Minggu, 25 November 2007

PENDIDIKAN DAN KESEHATAN GRATIS; SESUATU YANG UTOPIS-KAH?

(ia akan menjadi utopis tanpa pengawalan dan komitmen mahasiswa)

Hampir dipastikan bahwa pada pilkada sul-sel kali ini yang menjadi gubernur terpilih adalah “kalau tidak salah ingat” calon yang menjanjikan pendidikan dan kesehatan gratis, siapa lagi kalau bukan Syahrul Yasin Limpo-Arifin Nu’mang (SAYANG). Adalah hal yang menggembirakan bagi kita semua, khususnya masyarakat Sulawesi Selatan yang telah lama merindukan pemimpin yang bisa berpihak kepada rakyat, bukan malah sebaliknya. Mimpi para pendahulu kita akan terciptanya masyarakat adil dan makmur kini di ujung mata, meskipun janji-janji saat kampanye masih di sanksikan. Namun, sebagai manusia yang punya pikiran positif, hal ini meski kita dukung dan memberikan motivasi agar programnya dapat berjalan maksimal. Tapi kita juga jangan terlalu cepat terlena dengan janji-janji, kita mesti mengawal itu agar terjadi kesesuaian antara apa yang di ucapkan dan di lakukan sejalan, sehingga kepercayaan masyarakat dapat di raih kembali. Itulah tugas kita sebagai mahasiswa, mengawal jalannya pemerintahan yang berkeadilan social.

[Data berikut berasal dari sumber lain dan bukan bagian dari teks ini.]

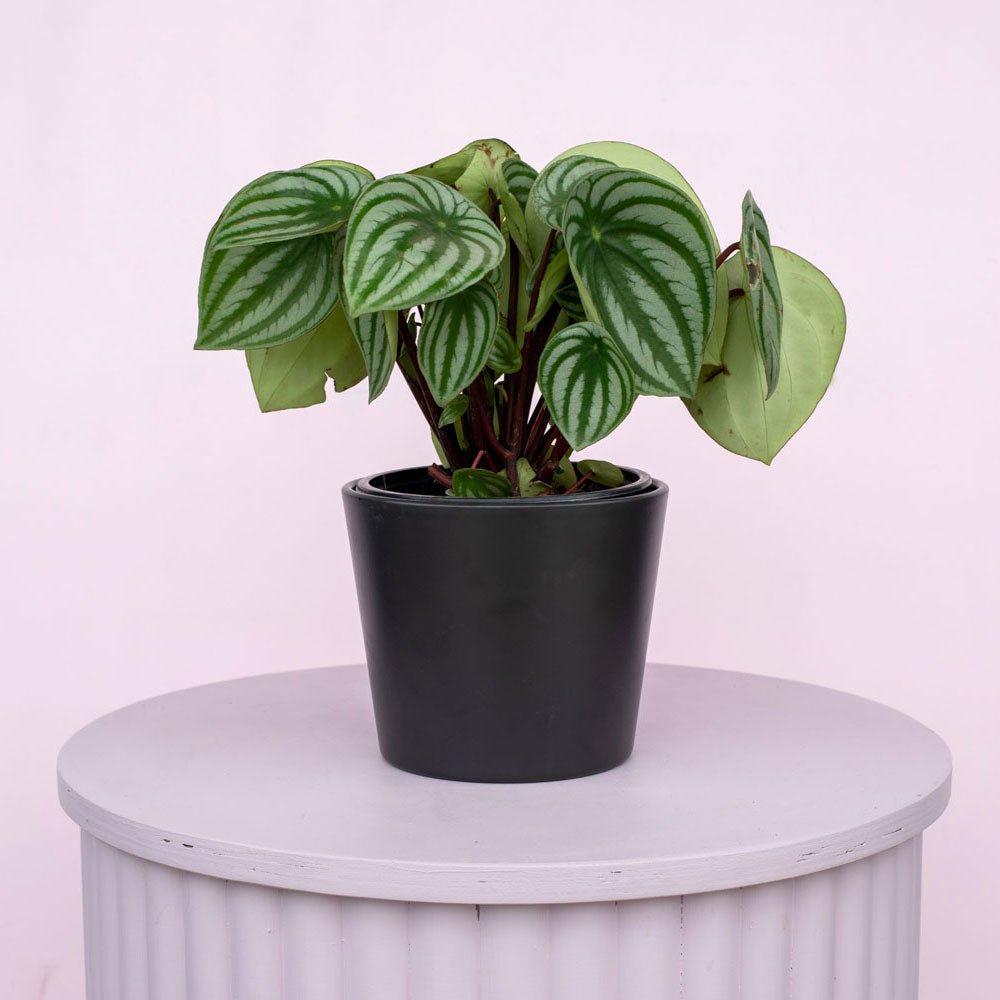 Watermelon Peperomia - The Green Room Flower Company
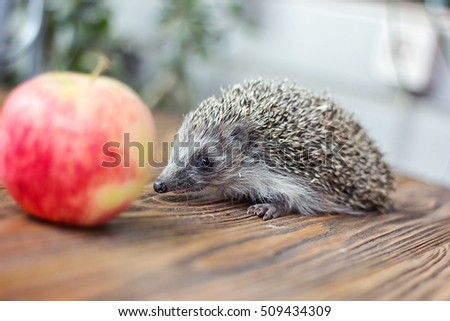 Cute young funny hedgehog, Atelerix albiventris, stands near an apple. Charming spiny european hedgehog (erinaceus albiventris) on wooden background.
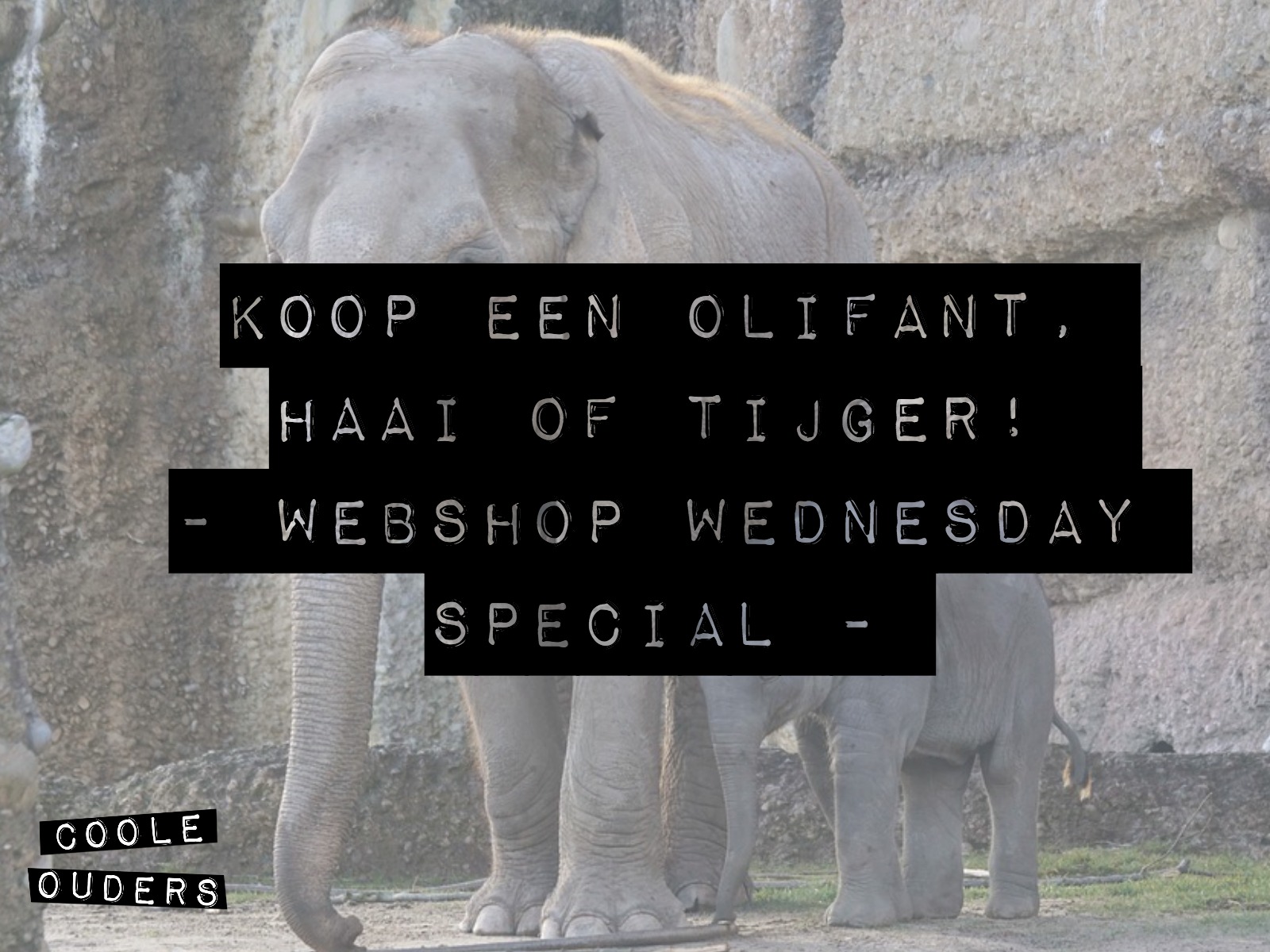 Koop een olifant, tijger of haai! – Webshop Wednesday Special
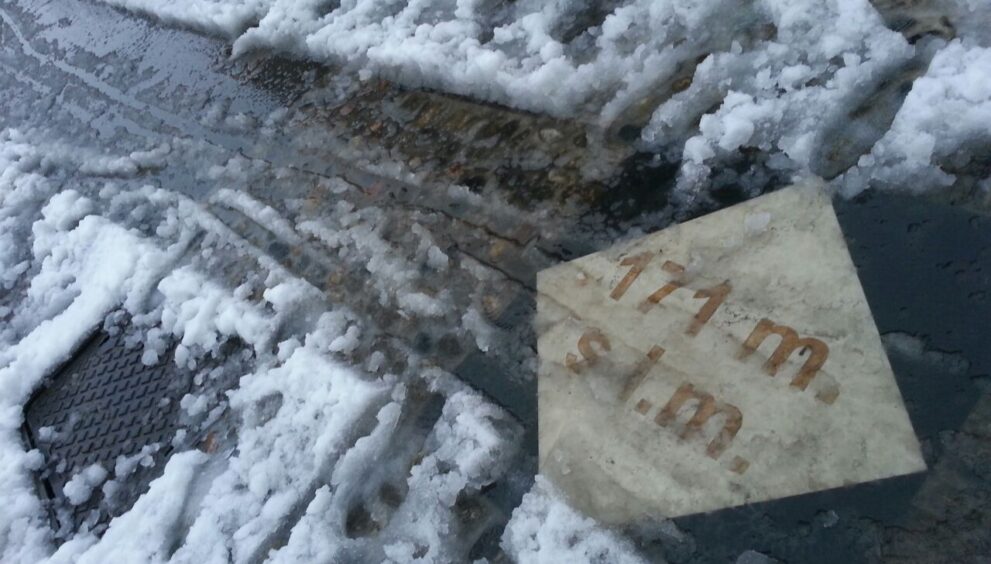 Neve2015.jpg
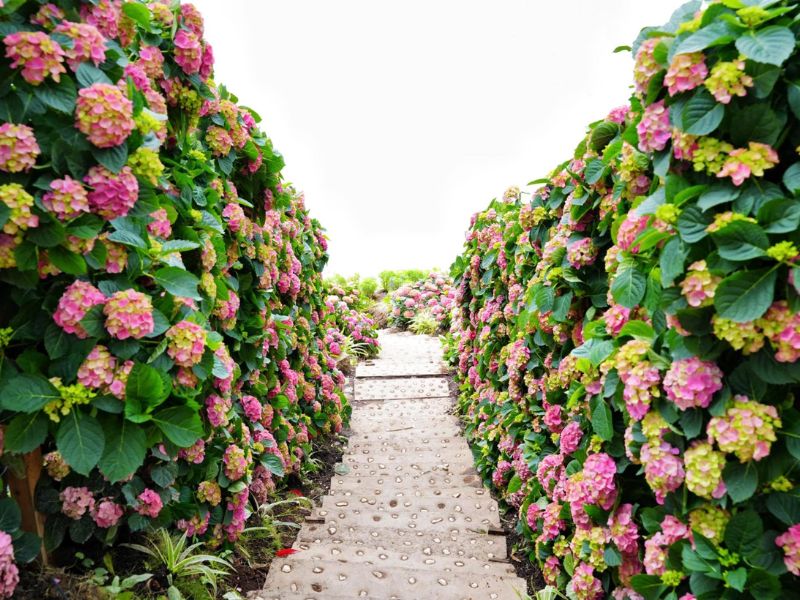 phim truong happy hill da lat1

Tapi kita sendiri, sebagai realitas yang merdeka dari segala kepentingan-kepentingan yang menyengsarakan rakyat harus bisa mendesain satu gerakan kuat agar kita tidak dilihat sebagai elemen masyarakat yang dianggap sepele. Wibawa dan kekuatan hanya bisa kita raih dengan desain gerakan dan persatuan mahasiswa. Sudah saatnya kita berubah, bangun dari kemandekan gerakan agar kita bisa mewujudkan tri dharma perguruan tinggi.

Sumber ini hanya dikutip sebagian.